= Achaeus (son of Poseidon) =

In Greek mythology, the eponym of Achaea

In Greek mythology, Achaeus or Achaios (/əˈkiːəs/; Ἀχαιός', derived from αχος achos, 'grief, pain, woe') was the eponym of Achaea.

== Family ==
Achaeus was the son of Poseidon, the god of the sea and Larissa, daughter of Pelasgus, the son of Triopas, meaning he is of Argive descent through his mother's parentage. He is the brother of Phthius and Pelasgus.

== Mythology ==
Together with his brothers Phthius and Pelasgus, they left Achaean Argos with a Pelasgian contingent for Thessaly. They then established a colony on the said country naming it after themselves. The only source of the accounts of Achaeus is recounted by Dionysius of Halicarnassus in his Roman Antiquities about the Pelasgian race's migration in connection with Achaeus.

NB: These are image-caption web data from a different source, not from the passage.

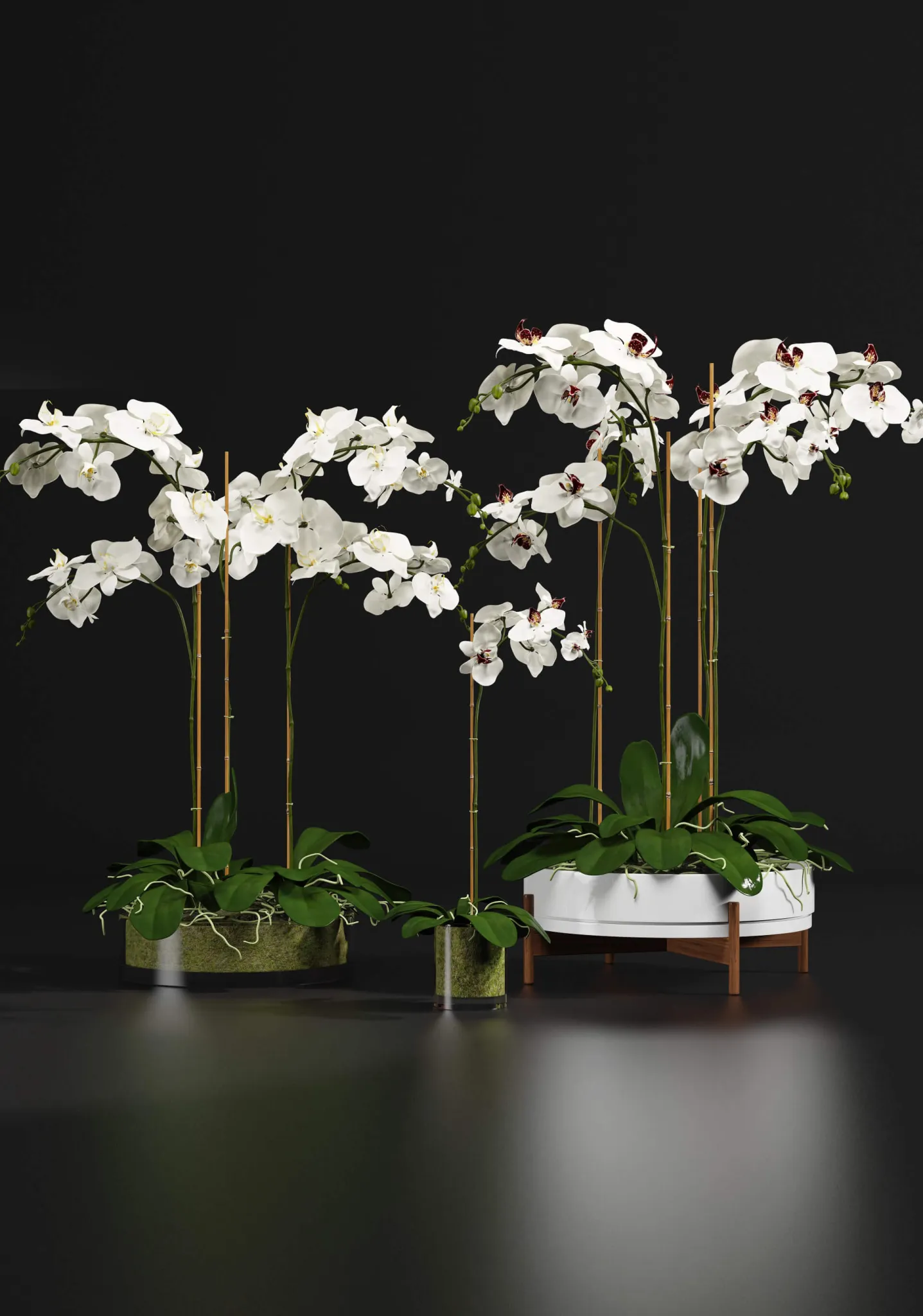 decoration - Indoor Orchids 3D Model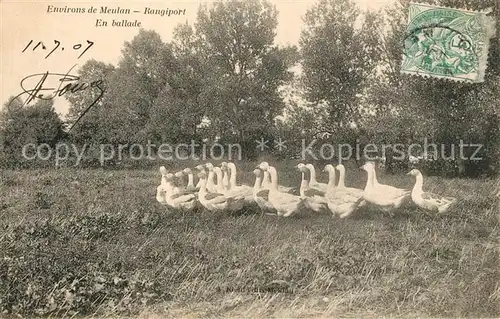 AK / Ansichtskarte Rangiport En ballade Gaense Gaensemarsch 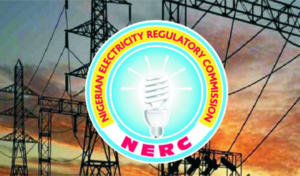 functions of Nigerian Electricity Regulatory Commission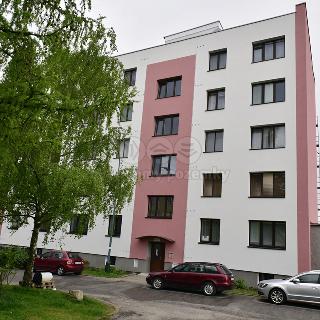 Pronájem bytu 2+1 55 m² Jihlava, Riegrova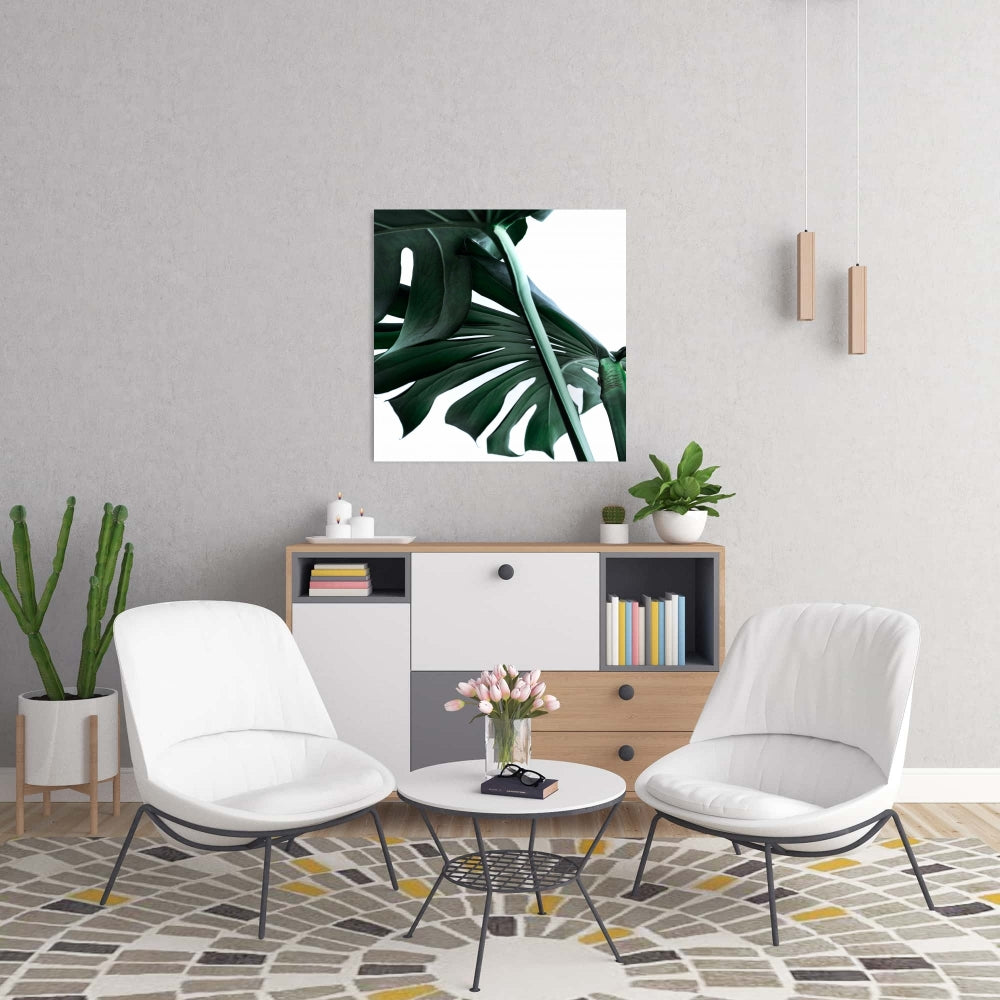 Exotic Monstera Deliciosa Canvas - Green Bedroom Home Decor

 "In the sixth generation afterwards, leaving the Peloponnesus, they [Pelasgians] removed to the country which was then called Haemonia and now Thessaly. The leaders of the colony were Achaeus, Phthius and Pelasgus, the sons of Larisa and Poseidon. When they arrived in Haemonia they drove out the barbarian inhabitants and divided the country into three parts, calling them, after the names of their leaders, Phthiotis, Achaia and Pelasgiotis."